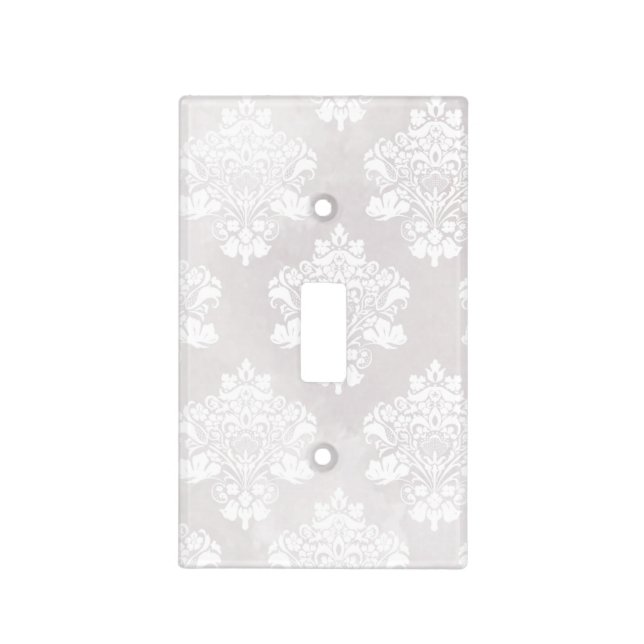 Shabby Chic Ivory Damask Light Switch Cover (Front)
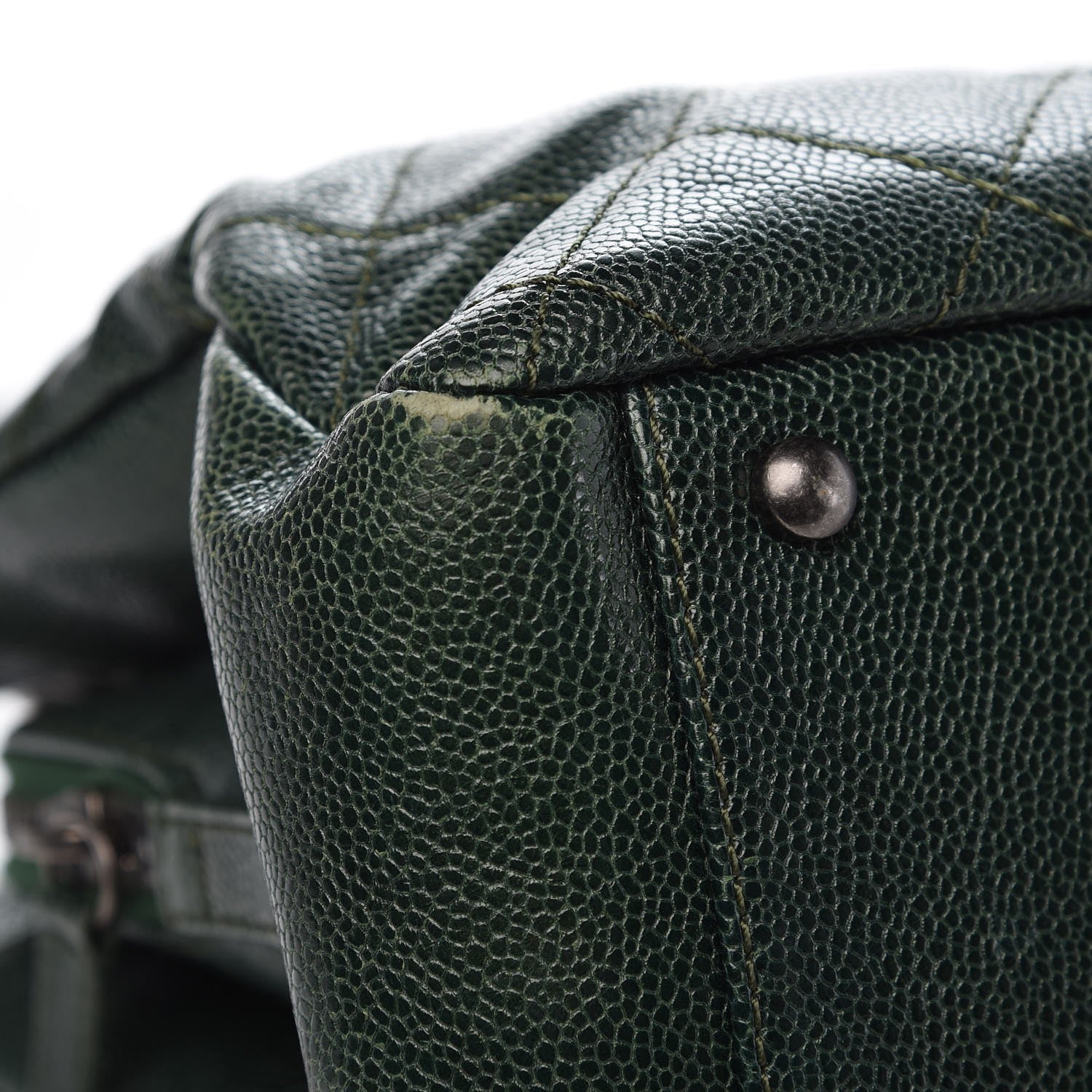 Chanel Caviar Chic Shopping Tote Dark Green 8 of 11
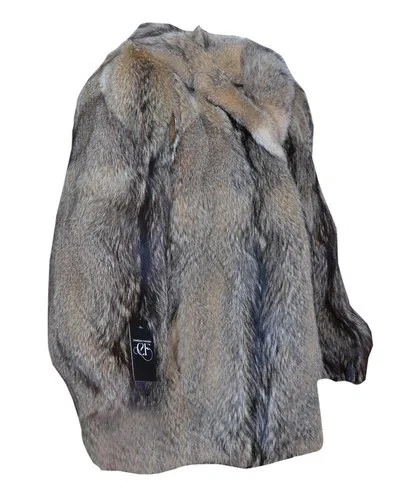 Pre-owned Handmade Man Real Coyote Fur Jacket Coat All Sizes Custom Sizes In Natural Color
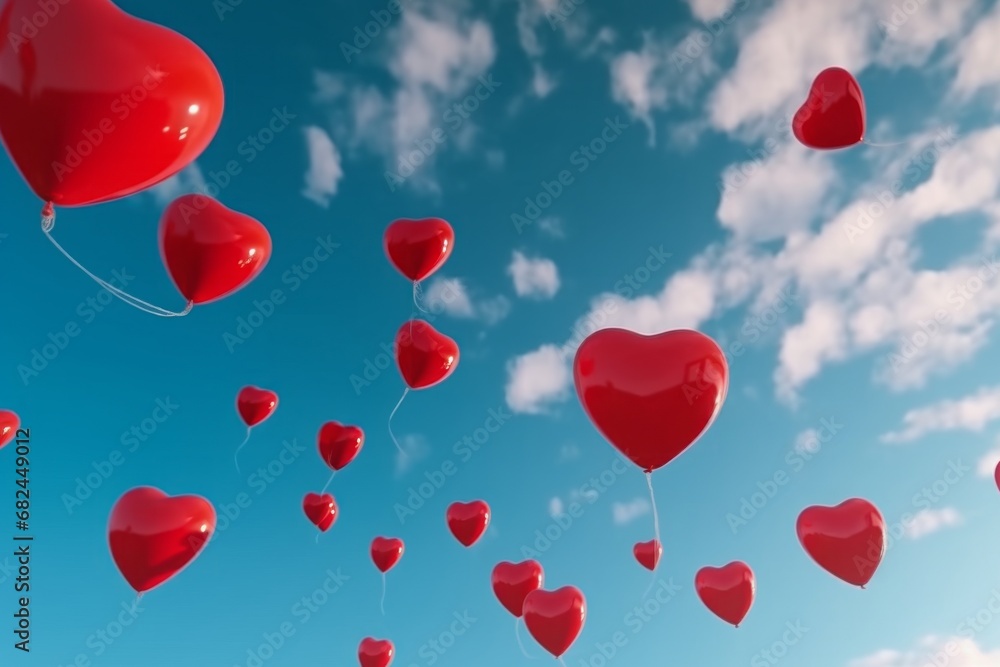 A lot of balloons in red heart shape flying in blue sky. Love and Saint Valentine’s Day concept.  
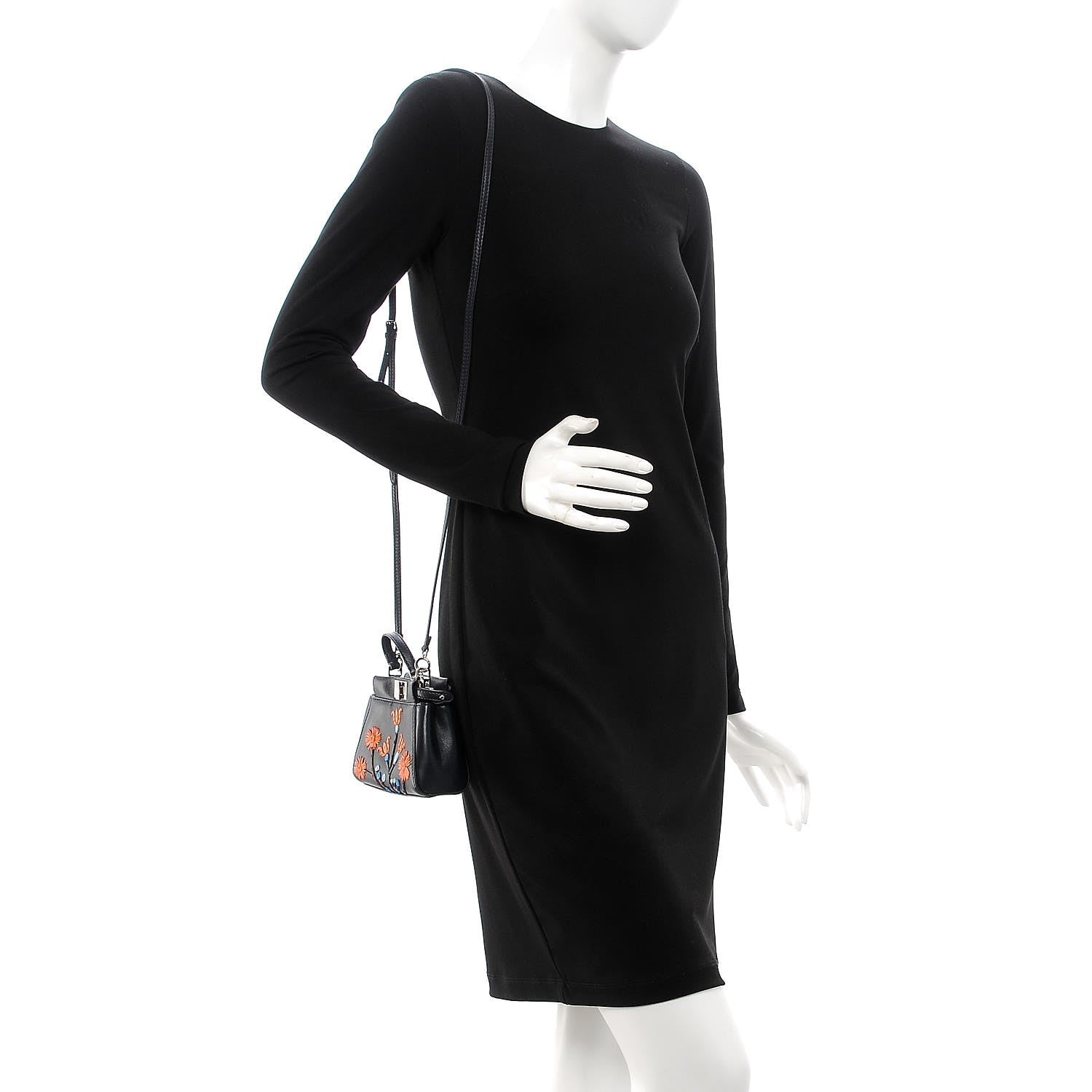 Fendi Shiny Nappa Botanic Garden Embroidered Micro Peekaboo Iconic Satchel Ocean Arancio 2 of 7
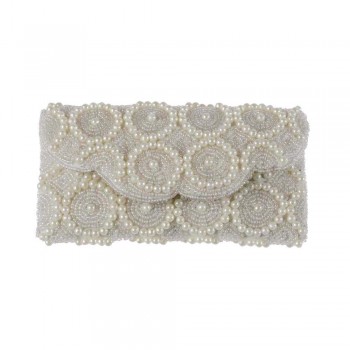 Bolsa Carteira com Pérolas e Miçangas Branca A8xC16 cm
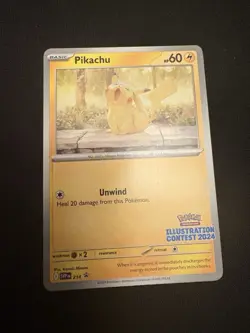 Pokemon TCG Pikachu Promo #214 Scarlet & Violet Illustration Contest 2024 NM - Image 3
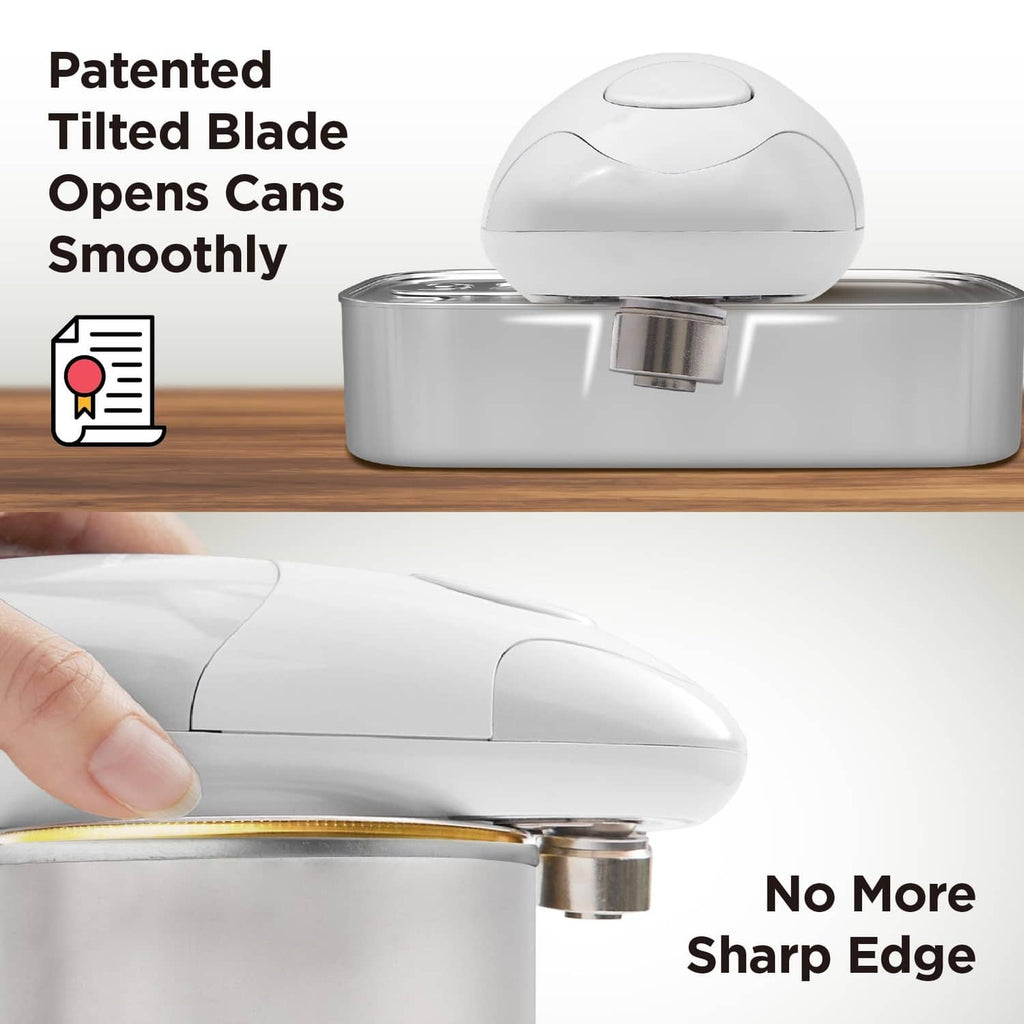 Kitchen Mama auto electric can opener, white dome head on can with metal rim cutter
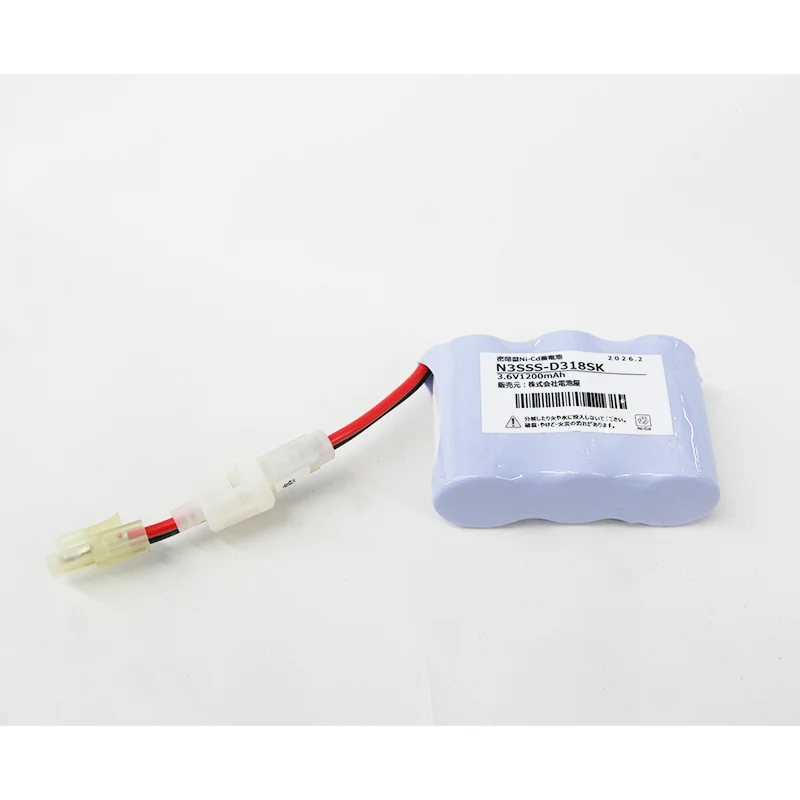 N3-SS 相当品(同等品) 電池屋製新品 岩崎電気製誘導灯器具・非常灯器具用交換電池 3.6V1200mAh(1800mAh電池使用) <年度シール付き> コネクター付き(コビシ)そのまま取付できます。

────────────────────────────────────────

Go from the first line of the data above to the line containing "Bolsa Carteira com" and retype exactly those lines, both included, but none of the pictures.

# Answer to this task
 Shabby Chic Ivory Damask Light Switch Cover (Front)
 Chanel Caviar Chic Shopping Tote Dark Green 8 of 11
 Pre-owned Handmade Man Real Coyote Fur Jacket Coat All Sizes Custom Sizes In Natural Color
 A lot of balloons in red heart shape flying in blue sky. Love and Saint Valentine’s Day concept.  
 Fendi Shiny Nappa Botanic Garden Embroidered Micro Peekaboo Iconic Satchel Ocean Arancio 2 of 7
 Bolsa Carteira com Pérolas e Miçangas Branca A8xC16 cm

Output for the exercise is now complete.